Work to be completed:
Transcribe each record exactly; skip any picture.

[Image-caption web data]
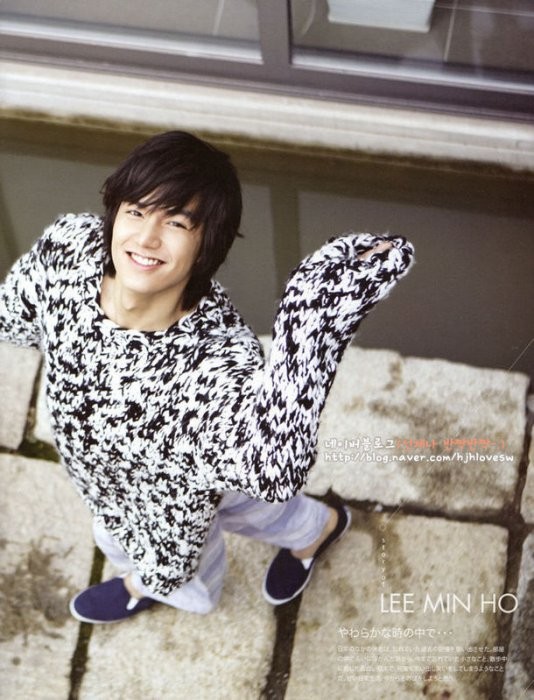 Lee Min-ho Fotoğrafı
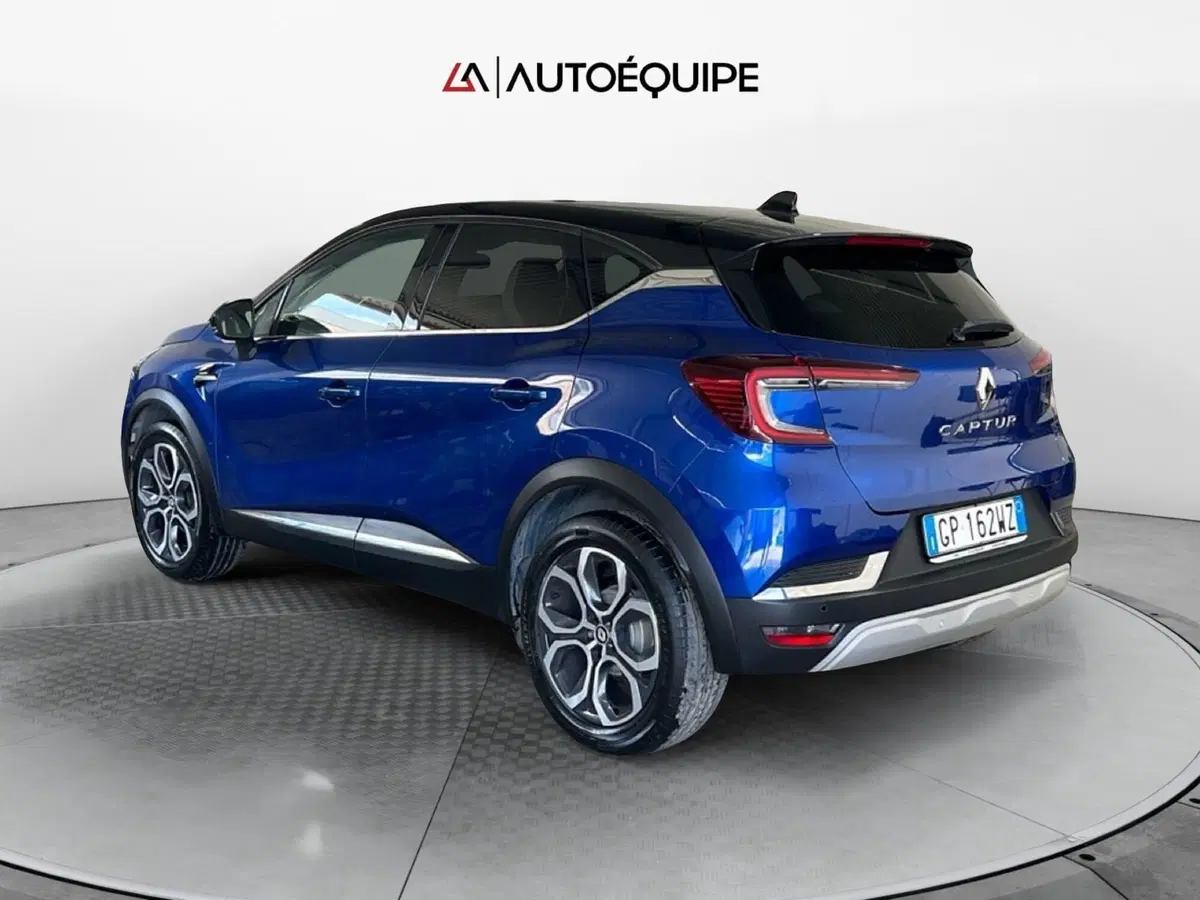 Renault Captur usata a Roma (3)
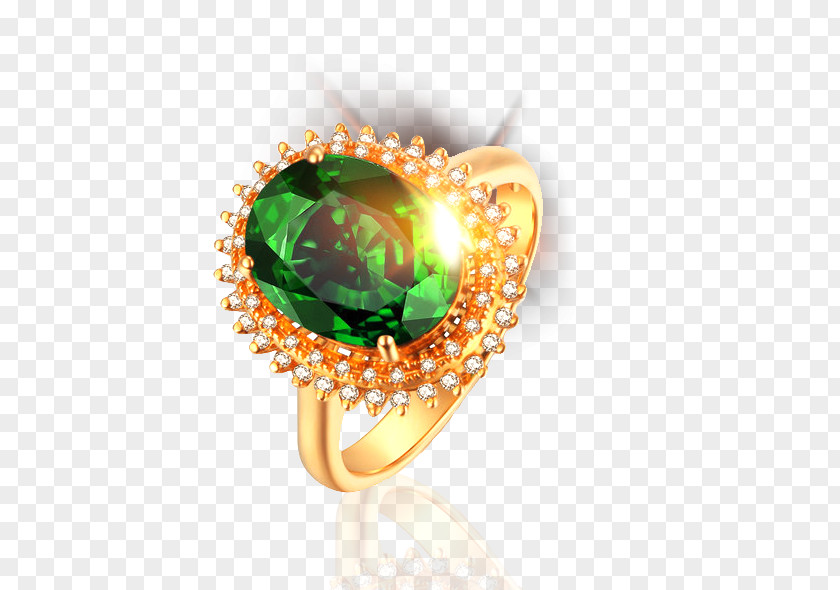 Elements Jewelry Jewellery Download Emerald Icon PNG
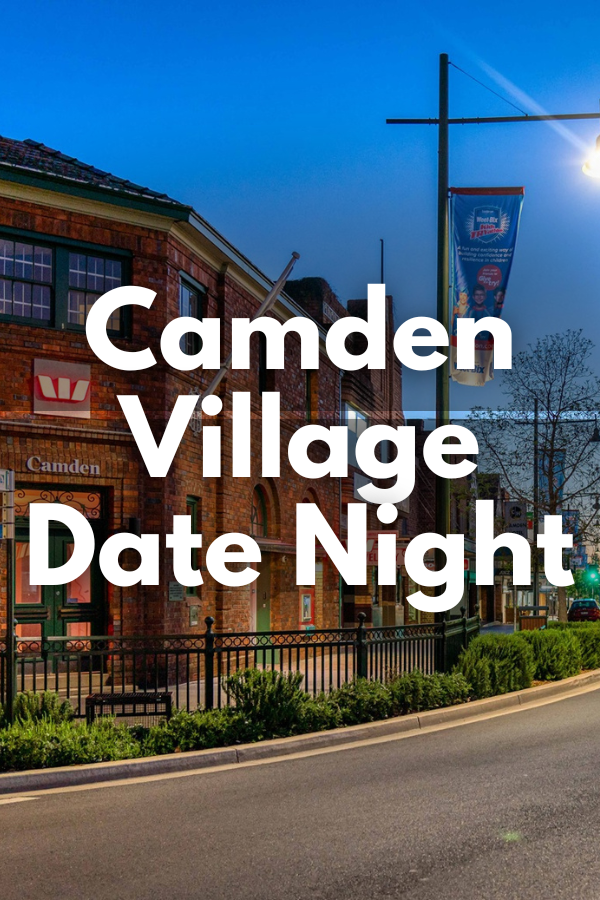 Camden Village Date Night Experience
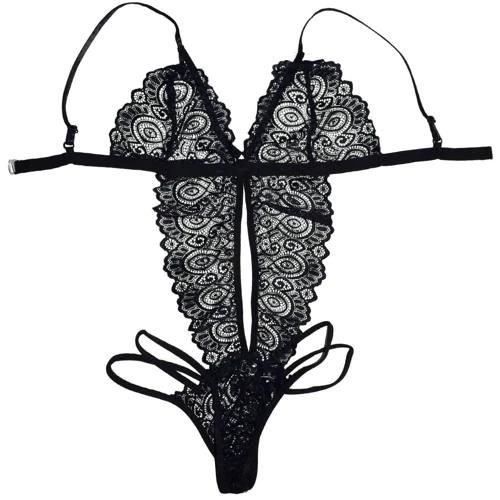 Боди NDS 1498 One Size Вlack (23809)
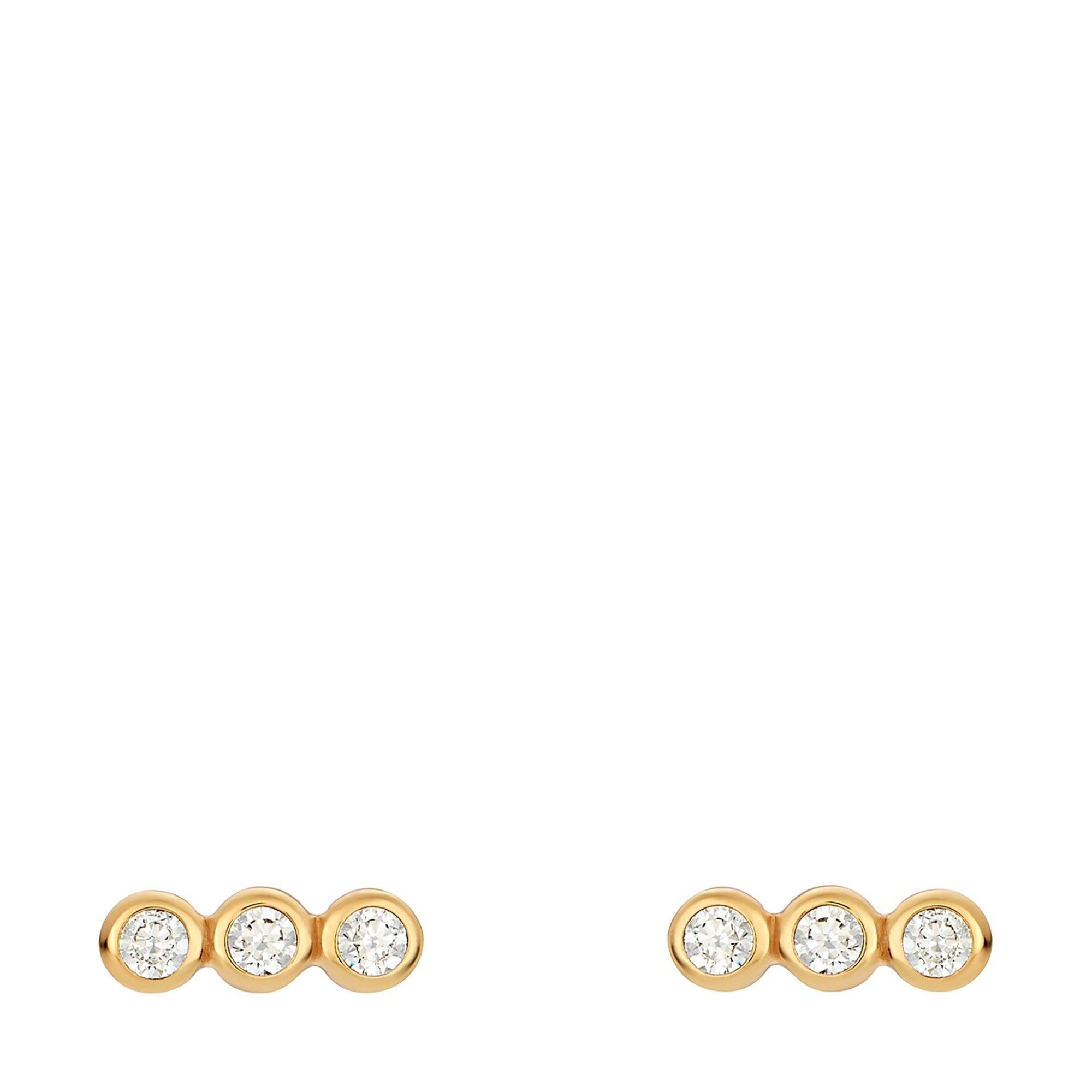 L'Atelier Sterling Silver 925  Boucles d'oreilles 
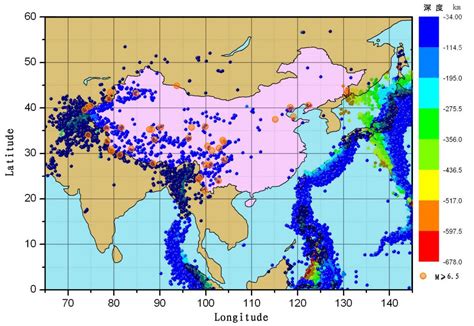 中国地震局：四川长宁共记录到2.0级及以上余震 77 次-大河网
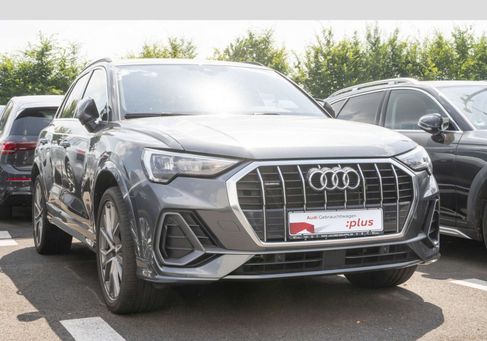 Audi Q3, 2022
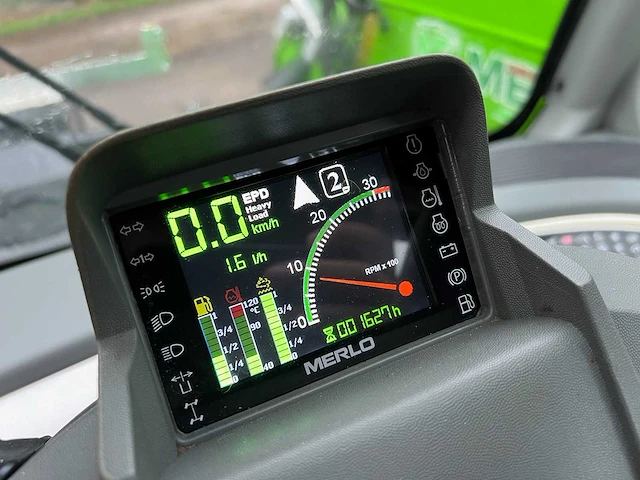 Merlo - tf35.7 - verreiker - 2017 - afbeelding 18 van  18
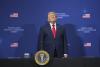 Trump says he’ll seek to replace immigrant truck drivers with veterans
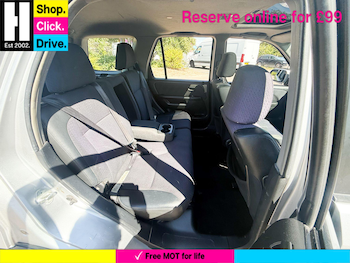 Used Honda CR-V 2004 for sale - 79464561: Photo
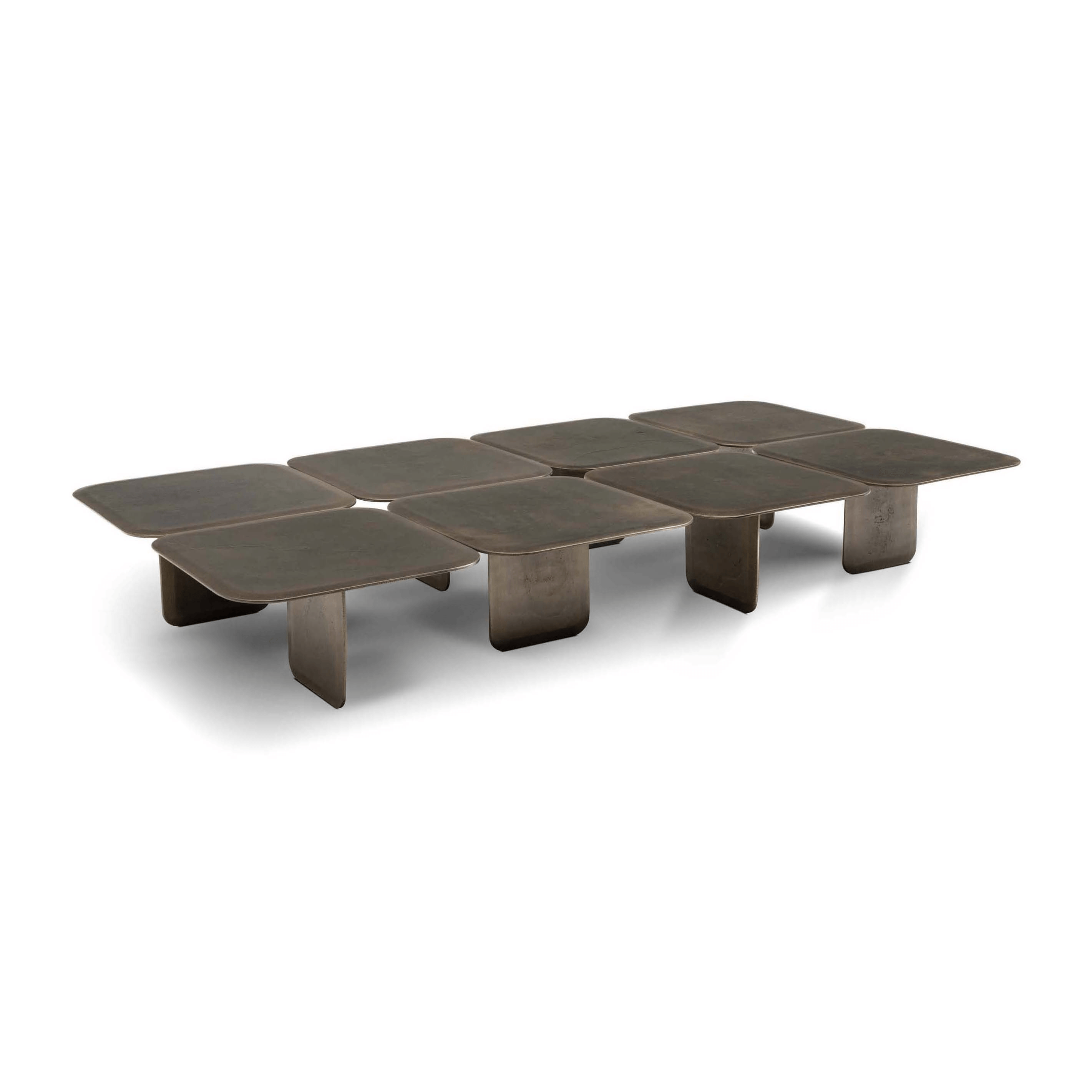 Mostra il prodotto Avalon Coffee Table del produttore ENNE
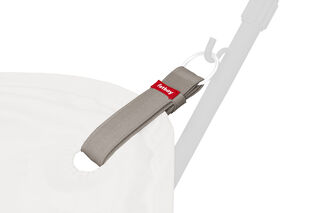 Headdemock Superb strap Grey Taupe (set 2 pcs)
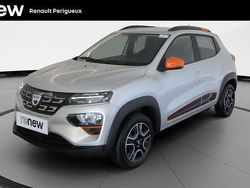 Gris Utilisé 2022 Dacia Spring Comfort Plus Citadine | 9 990 €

Answer space:
 Lee Min-ho Fotoğrafı
 Renault Captur usata a Roma (3)
 Elements Jewelry Jewellery Download Emerald Icon PNG
 Camden Village Date Night Experience
 Боди NDS 1498 One Size Вlack (23809)
 L'Atelier Sterling Silver 925  Boucles d'oreilles 
 中国地震局：四川长宁共记录到2.0级及以上余震 77 次-大河网
 Audi Q3, 2022
 Merlo - tf35.7 - verreiker - 2017 - afbeelding 18 van  18
 Trump says he’ll seek to replace immigrant truck drivers with veterans
 Used Honda CR-V 2004 for sale - 79464561: Photo
 Mostra il prodotto Avalon Coffee Table del produttore ENNE
 Headdemock Superb strap Grey Taupe (set 2 pcs)
 Gris Utilisé 2022 Dacia Spring Comfort Plus Citadine | 9 990 €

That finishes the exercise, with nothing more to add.